Tireless efforts and never being satisfied with one’s current level of performance can actually be performance inhibitors. An off season of extra practice and added discipline in the gym can create heavy expectations if an athlete is not careful. Great efforts prior to a contest can too often leave the athlete “hoping” that investments will reap great dividends… rather than “trusting” that the game will unfold as it should and they are ready. Furthermore, the athlete that is truly never satisfied with his performance level has a difficult time settling in and playing the game at hand. In order to truly compete freely one needs to accept herself and what she has to give that day on the playing field (dig through M. Scott Peck’s Golf and the Spirit for a rich explanation of this concept).

Tireless efforts and never being satisfied with one’s current level of performance can actually be performance inhibitors.

Alina Tugend published a nice piece in the New York Times recently, Pursuing Self-Improvement at the Risk of Self-Acceptance. It is worth a read. It provides a nice lens on the negative consequences of a cult-like approach to self-improvement. Happiness and high-performance is not found in perfection, but rather in acceptance.
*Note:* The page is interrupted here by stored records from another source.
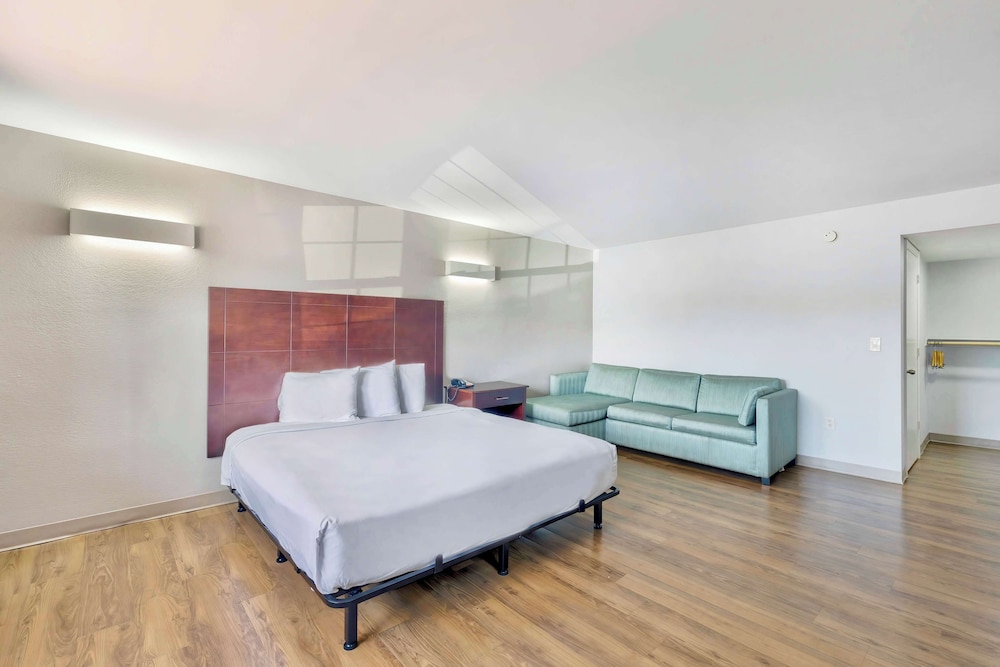 Motel6 Falls Church, VA - Arlington Boulevard 10/25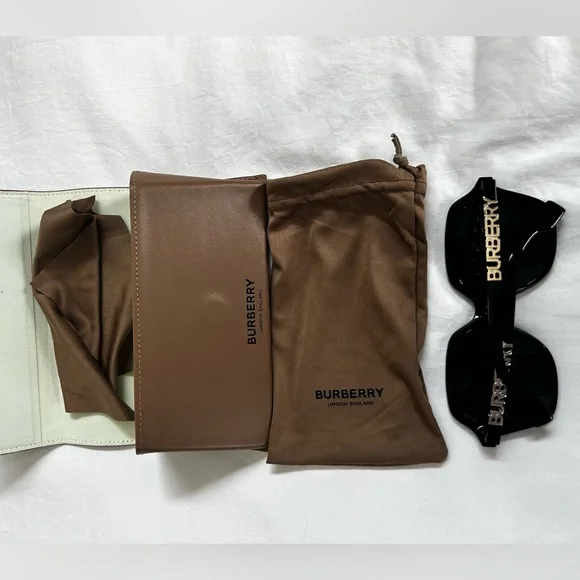 NWOT Burberry Sunglasses - Picture 3 of 5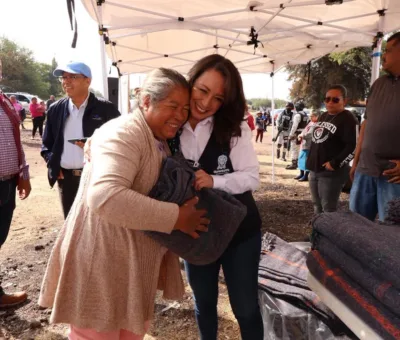 Culmina DIF Estatal Campaña Invernal  con entrega de cobijas en 46 municipios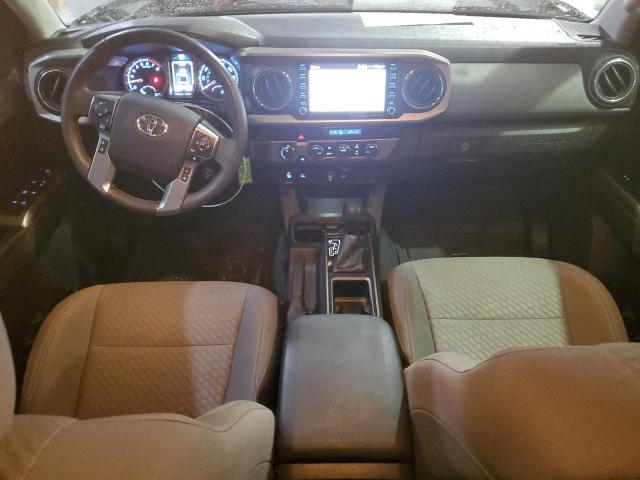 3TYCZ5AN2NT070103 - 2022 TOYOTA TACOMA DOUBLE CAB Silber Foto 8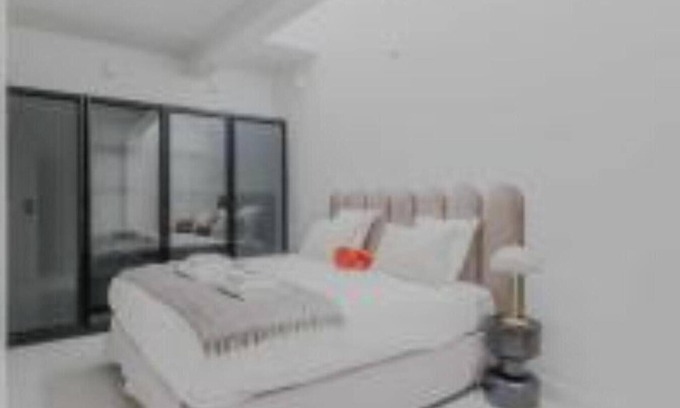 Grenelle Apartment | 6br near the majestic Eiffel Tower,Champs de Mars & peaceful banks of the Seine!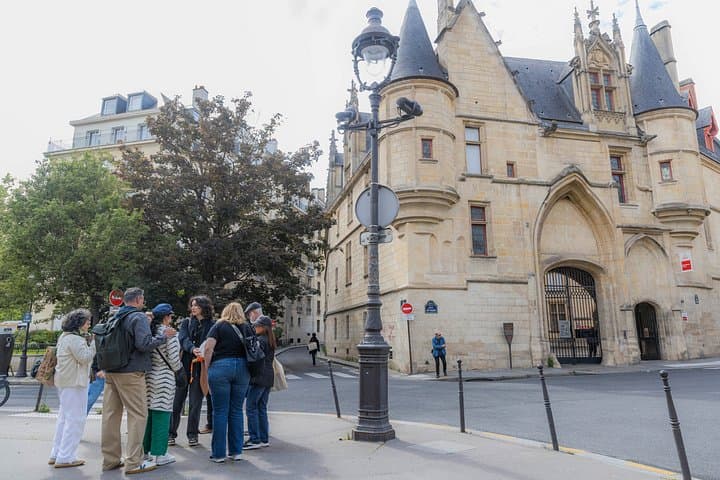 Notre Dame and Latin Quarter Food Tour with 10 Authentic Tastings — photo 20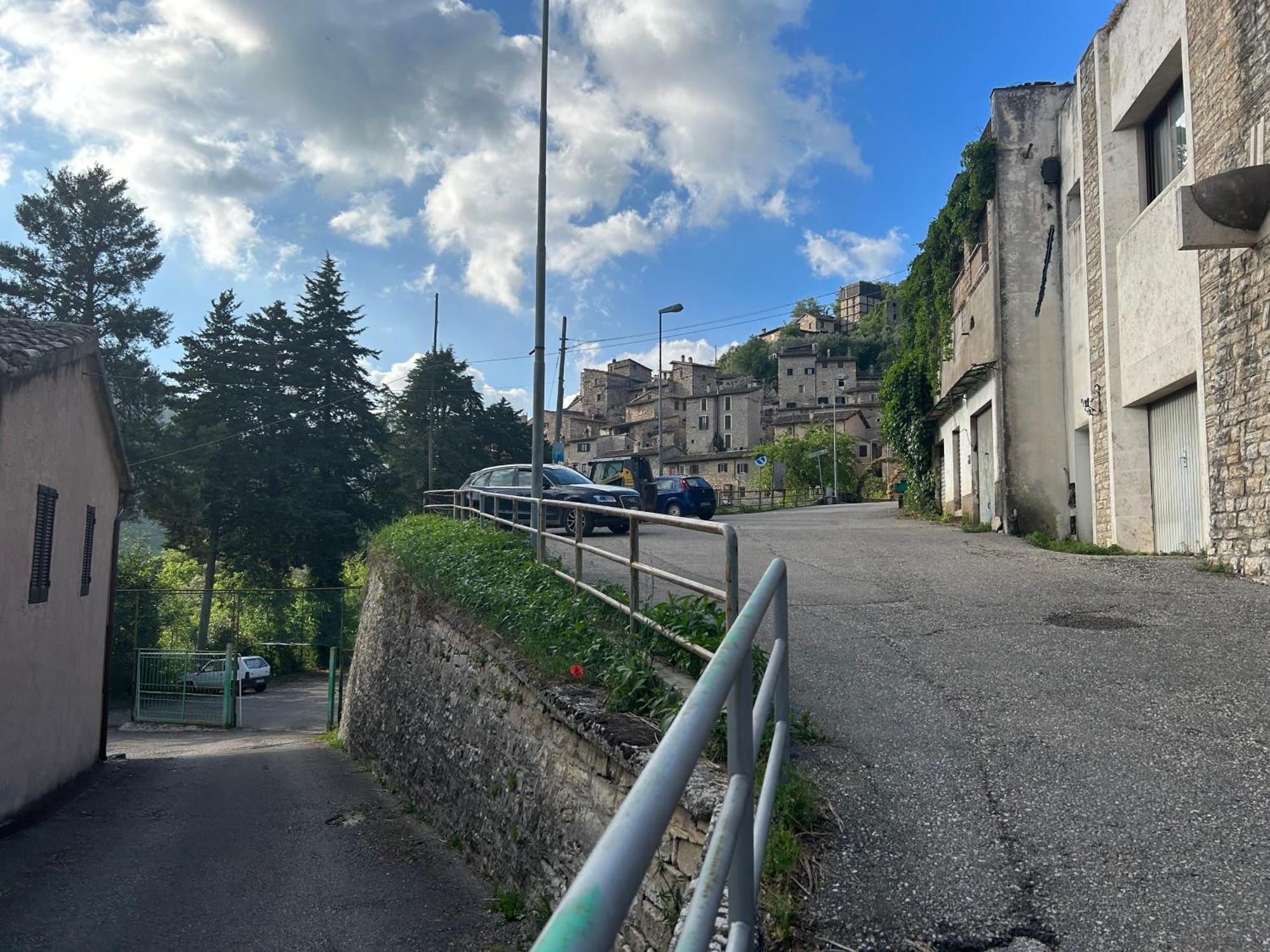 Appartamento Storico A Valle San Martino Di สโปเลโต ภายนอก รูปภาพ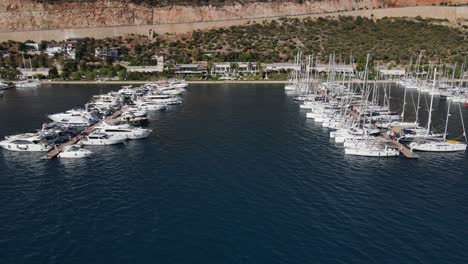 Barcos-Blancos-Amarrados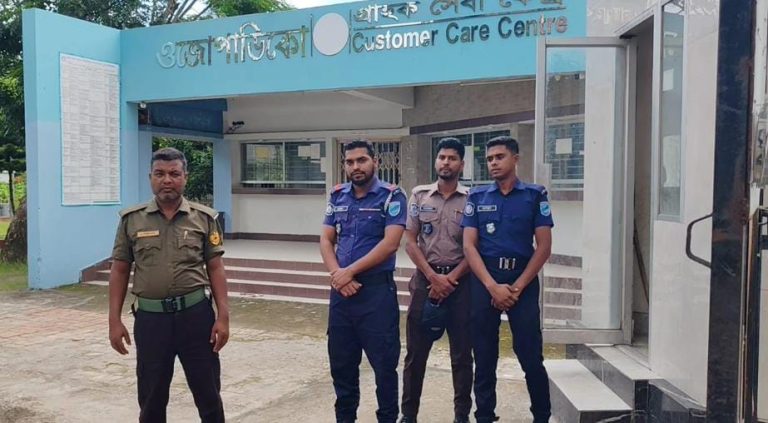 তীব্র লোডশেডিং হামলার ভয়ে বিদুৎ অফিসে পুলিশ মোতায়েন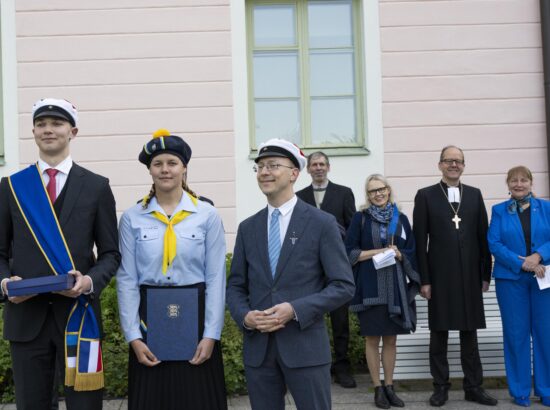 4. juunil 2025 tähistab kogu Eesti sinimustvalge lipu 141. aastapäeva. Riigikogu juhatus ja Eesti Lipu Selts kutsusid sel puhul kõiki kell 7 hommikul riigilipu pidulikule heiskamisele Toompeale Kuberneri aeda.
It is so easy to trip and tumble over one’s self once you try to improve. Overtraining runs rampant… so often that is simply self-improvement run amok. Pressure to perform can be smothering… after dedicated practice, great outcomes seem required rather than something healthy to strive towards.  Confidence too often is fleeting… if constantly under critical scrutiny it is difficult for self-belief to get a true foothold.

Most days an athlete would benefit from putting forth a solid effort and accept himself as a good athlete. This certainly does not suggest that one is not trying to get better, it simply means that he is not obsessing on it. As a mentor, coach, and friend of mine Paul Assaiante says, “Perfect is the enemy of good… and good is good.” I trust him… he’s won a lot of national championships… 13 and counting.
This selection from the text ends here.